The model is trained in 2 ways

The Canonical SMILES sequenece set is passed and the next output is calluated from the model. The loss function can compute loss from this stage and do back propagation. The second method is to generate an entire sequence and compute the total loss values, and then perform back propagation.

Results


Quantum Model

Since the number of qubits availabe in the simulator is around 10 without taking over the complete memory, we need 14 different circuit with trainable parameters to generate 140 higher variant features. This caues a computation overhead and the simulation was not able to be performed.

Classical Model

The classical model was trained for 5 epochs with a batch size 32 using cross entropy loss function. It was able to reach around 1.65 loss value.

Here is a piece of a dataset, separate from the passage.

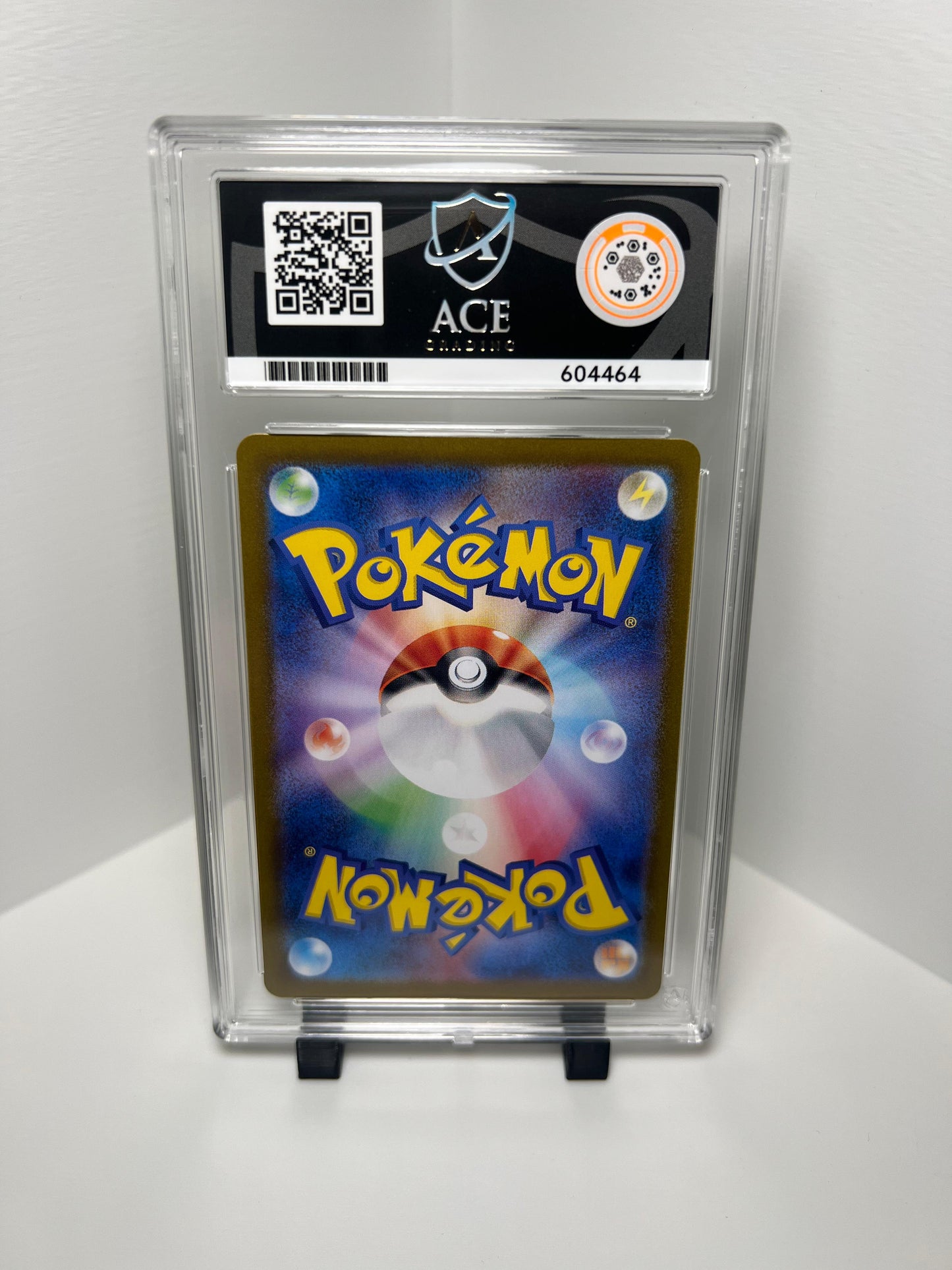 Bulbasaur #166 ACE 10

Using these weights, whenever a random input canonical SMILES data are given, the model generates upto the sequence length. This newly generted Canonical SMILES data can be converted to PaDEL features and passed to the model from Hypotheis 2.1 to figure out whether this molecule is an active element or not.


References


  1. ChemBL Database. EMBL-EBI homepage. (n.d.). https://www.ebi.ac.uk/chembl

  2. Dataprofessor. (n.d.). Dataprofessor/bioinformatics_freecodecamp. GitHub. https://github.com/dataprofessor/bioinformatics_freecodecamp.git

  3. Huang, He-Liang, et al. “Experimental quantum generative adversarial networks for Image Generation.” Physical Review Applied, vol. 16, no. 2, 27 Aug. 2021, https://doi.org/10.1103/physrevapplied.16.024051.

  4. Gupta A, Müller AT, Huisman BJH, Fuchs JA, Schneider P, Schneider G. Generative Recurrent Networks for De Novo Drug Design. Mol Inform. 2018 Jan;37(1-2):1700111. doi: 10.1002/minf.201700111. Epub 2017 Nov 2. Erratum in: Mol Inform. 2018 Jan;37(1-2): PMID: 29095571; PMCID: PMC5836943.